Segment Open

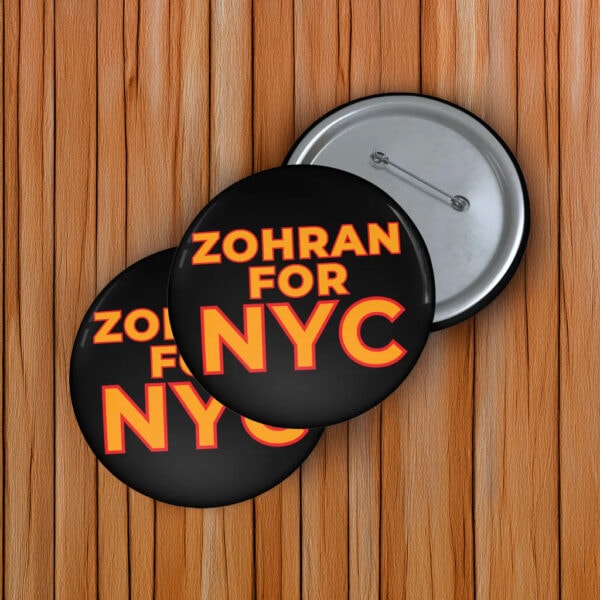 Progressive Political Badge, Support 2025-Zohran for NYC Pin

Segment Closed
Segment Open

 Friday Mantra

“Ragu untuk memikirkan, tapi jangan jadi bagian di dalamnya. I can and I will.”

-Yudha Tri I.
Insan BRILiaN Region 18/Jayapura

Segment Closed

— Problem requirements —
What is needed is an exact copy of the lines above, from the one containing "Friday Mantra" through the one containing "Insan BRILiaN Region 18/Jayapura", with nothing added.

— Response box —
 Friday Mantra

“Ragu untuk memikirkan, tapi jangan jadi bagian di dalamnya. I can and I will.”

-Yudha Tri I.
Insan BRILiaN Region 18/Jayapura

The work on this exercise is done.